**What is required**
Only the pictures stay out; every record is to be quoted exactly.
--- Data shown Enclosed Below ---
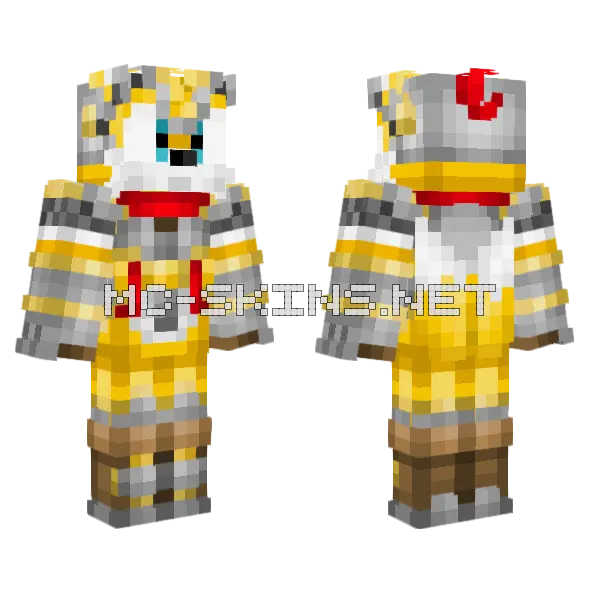 Valiant Tails Minecraft skin, front and back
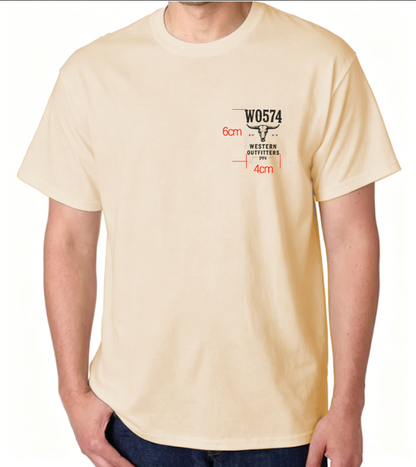 Men’s Custom Vintage Graphic Print Short Sleeve T-Shirt, Coffee Brown & Apricot Brown Retro Casual Basic Tee
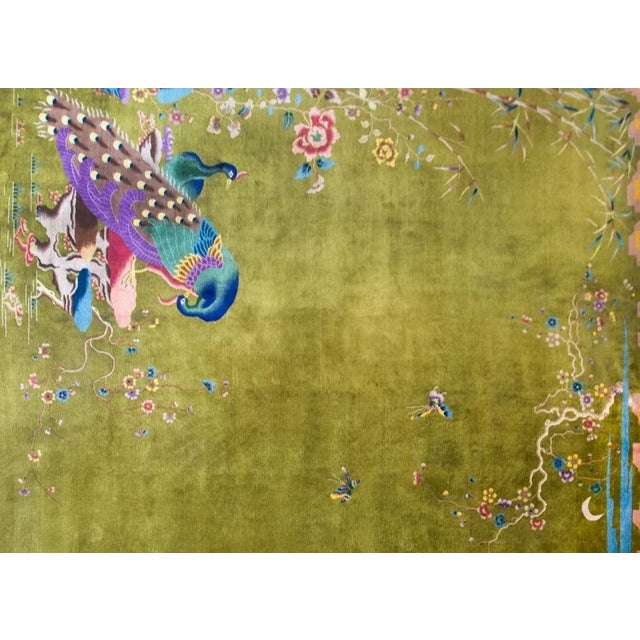 Textile Early 20th Century Chinese Art Deco Rug For Sale - Image 7 of 12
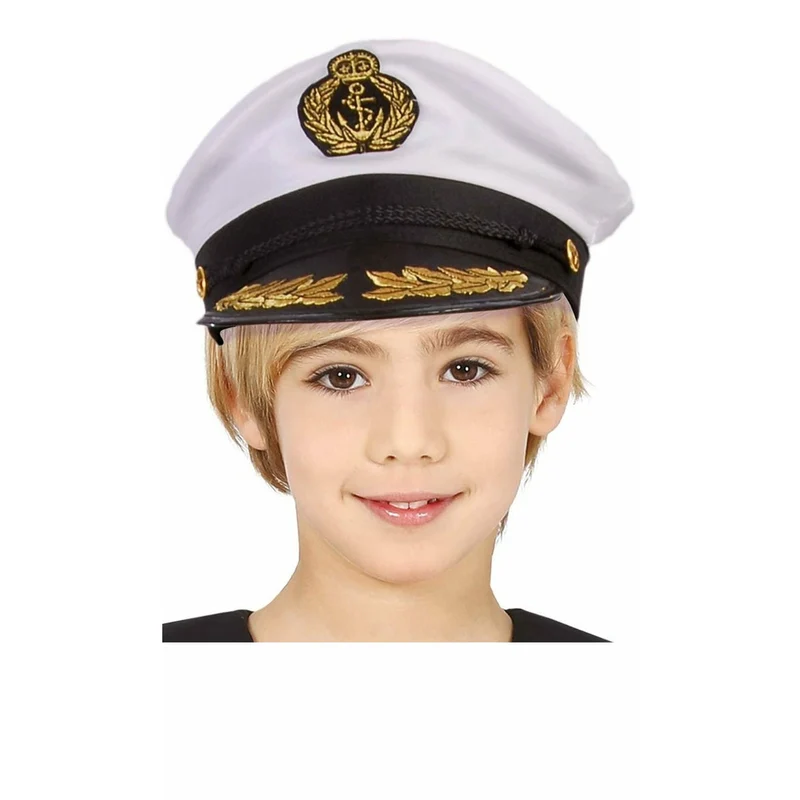 Marine Kapitän-Mütze für Kinder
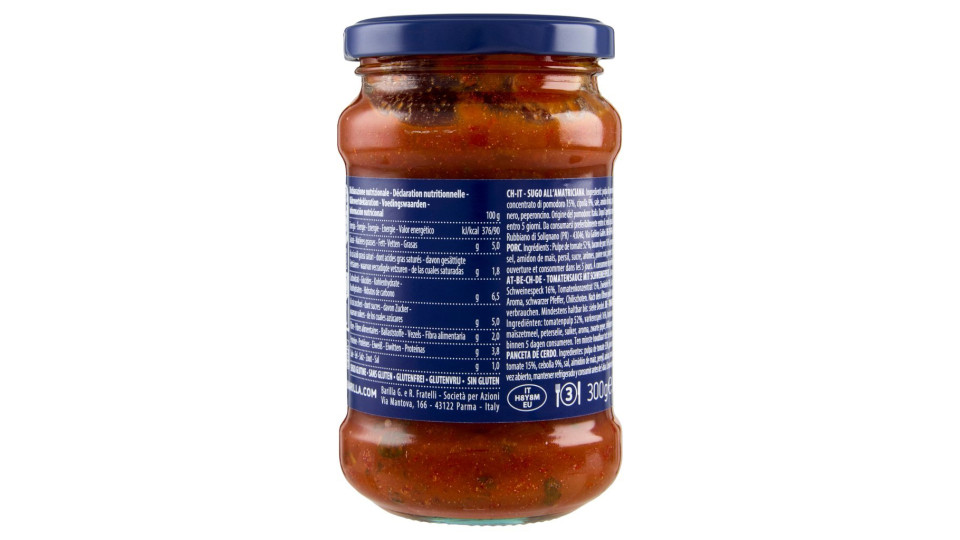 Barilla, sugo all'amatriciana
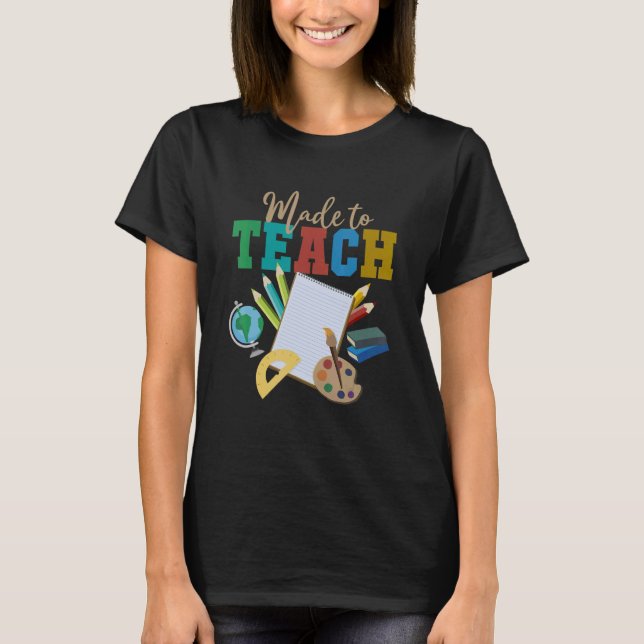 Coole Niedliche Lehrpläne für Lehrkräfte 1 T-Shirt (Vorderseite)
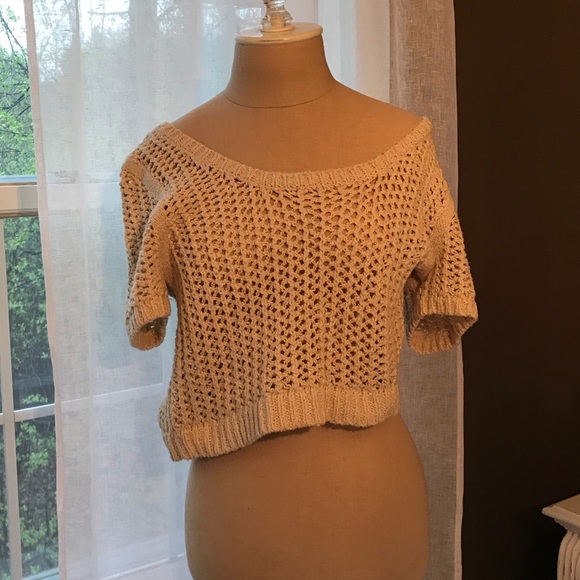 Free People Tops - Free People Crochet Crop Top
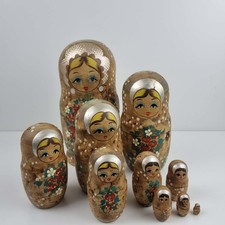Vintage 1980 Russian Nesting
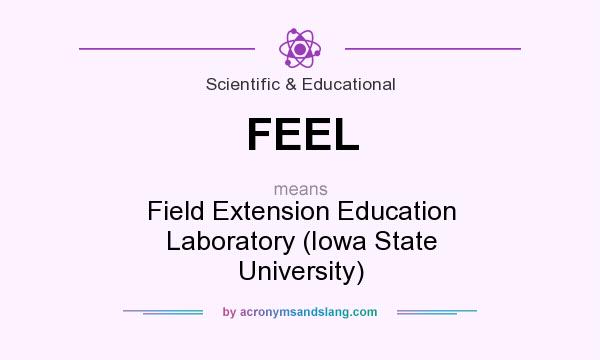 What does FEEL mean? It stands for Field Extension Education Laboratory (Iowa State University)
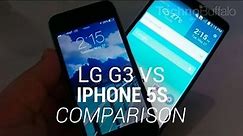 LG G3 vs iPhone 5S Comparison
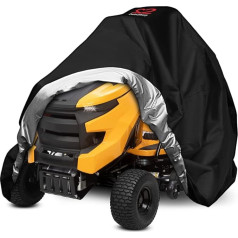 Lawn Mower Cover Waterproof Polyester Oxford Fabric Heavy Duty UV Dust and Water Resistant Universal Fit Decks up to 54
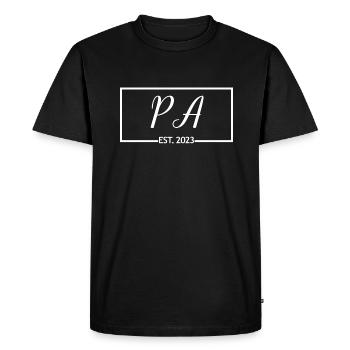 PA Est. 2023 Don d’assistant médical diplômé - T-shirt Premium bio Homme - noir - Devant - Nico (187cm)
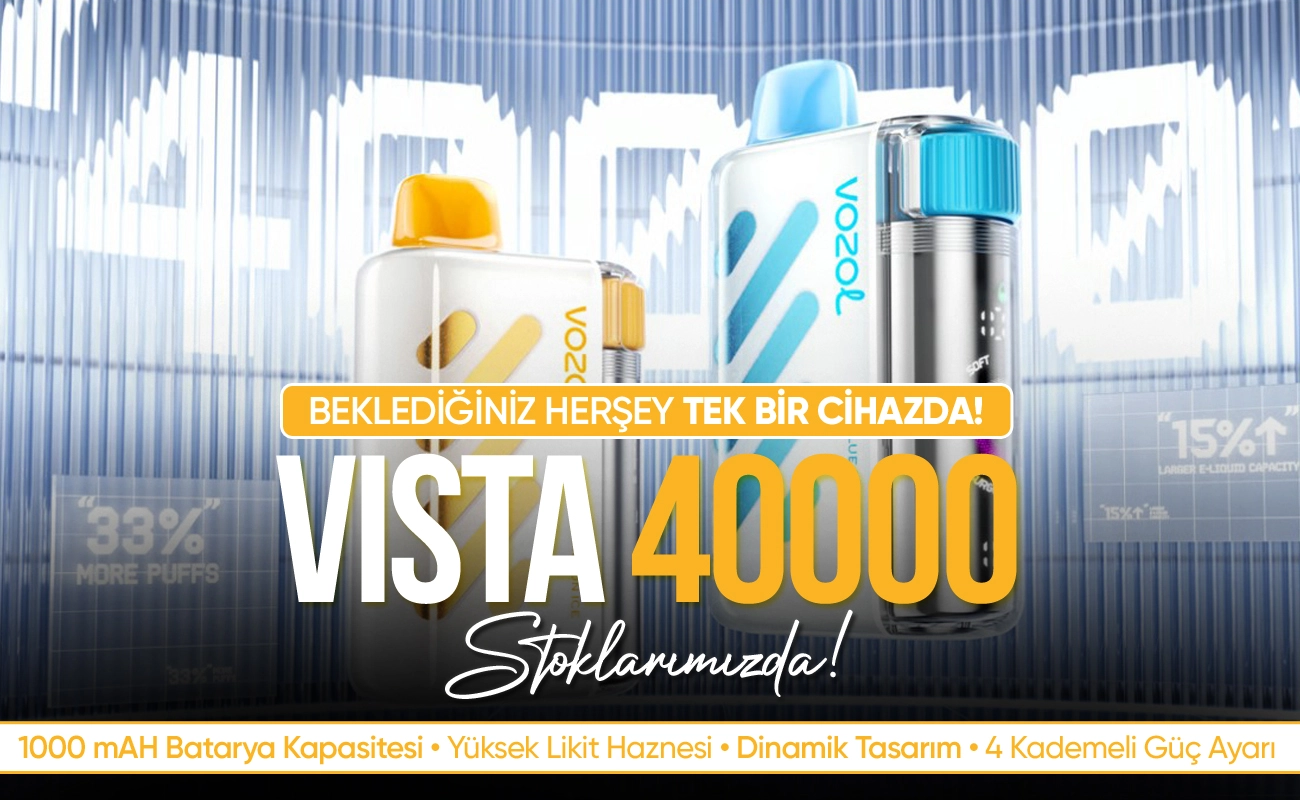 Vozol Vista 40000 Stoklarımızda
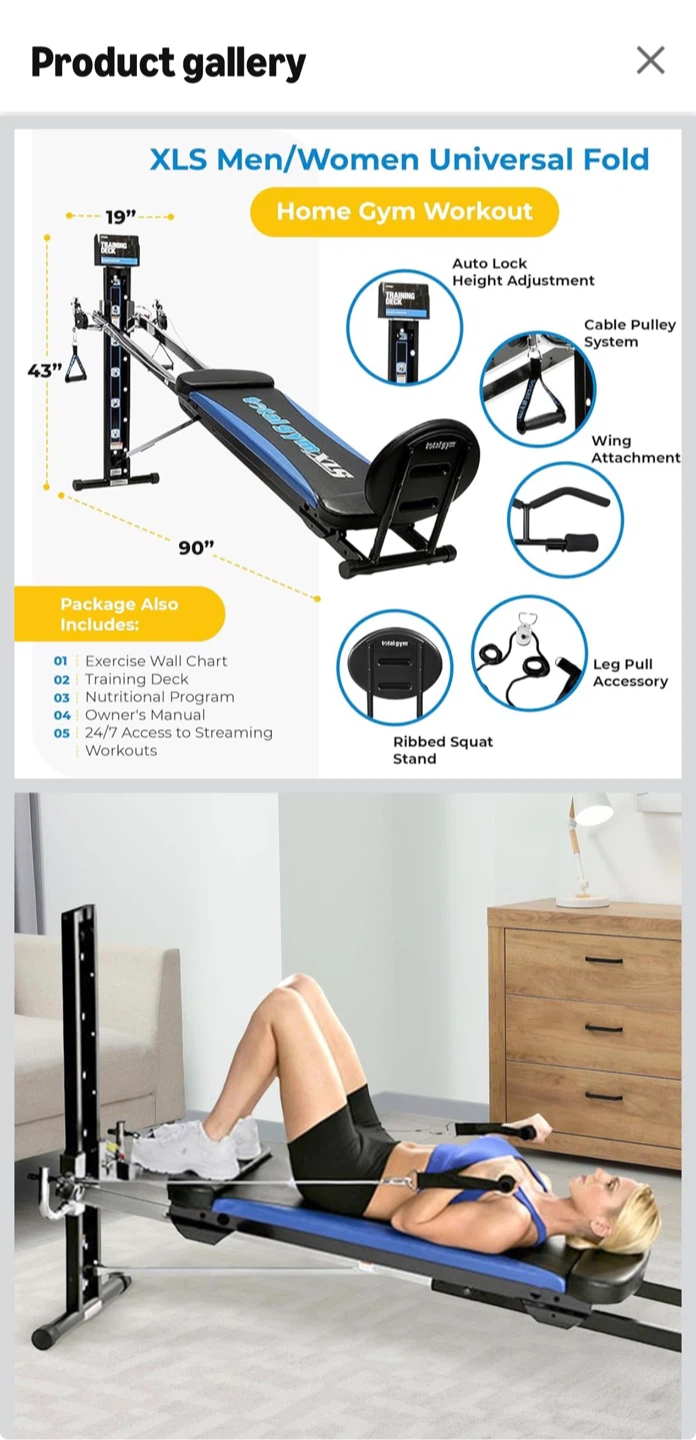 Total Gym 14000 Home Gym - photo 2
--- End of Enclosed Data shown ---
**Completed task**
 Valiant Tails Minecraft skin, front and back
 Men’s Custom Vintage Graphic Print Short Sleeve T-Shirt, Coffee Brown & Apricot Brown Retro Casual Basic Tee
 Textile Early 20th Century Chinese Art Deco Rug For Sale - Image 7 of 12
 Marine Kapitän-Mütze für Kinder
 Barilla, sugo all'amatriciana
 Coole Niedliche Lehrpläne für Lehrkräfte 1 T-Shirt (Vorderseite)
 Free People Tops - Free People Crochet Crop Top
Vintage 1980 Russian Nesting
 What does FEEL mean? It stands for Field Extension Education Laboratory (Iowa State University)
 LG G3 vs iPhone 5S Comparison
 Lawn Mower Cover Waterproof Polyester Oxford Fabric Heavy Duty UV Dust and Water Resistant Universal Fit Decks up to 54
 PA Est. 2023 Don d’assistant médical diplômé - T-shirt Premium bio Homme - noir - Devant - Nico (187cm)
 Vozol Vista 40000 Stoklarımızda
 Total Gym 14000 Home Gym - photo 2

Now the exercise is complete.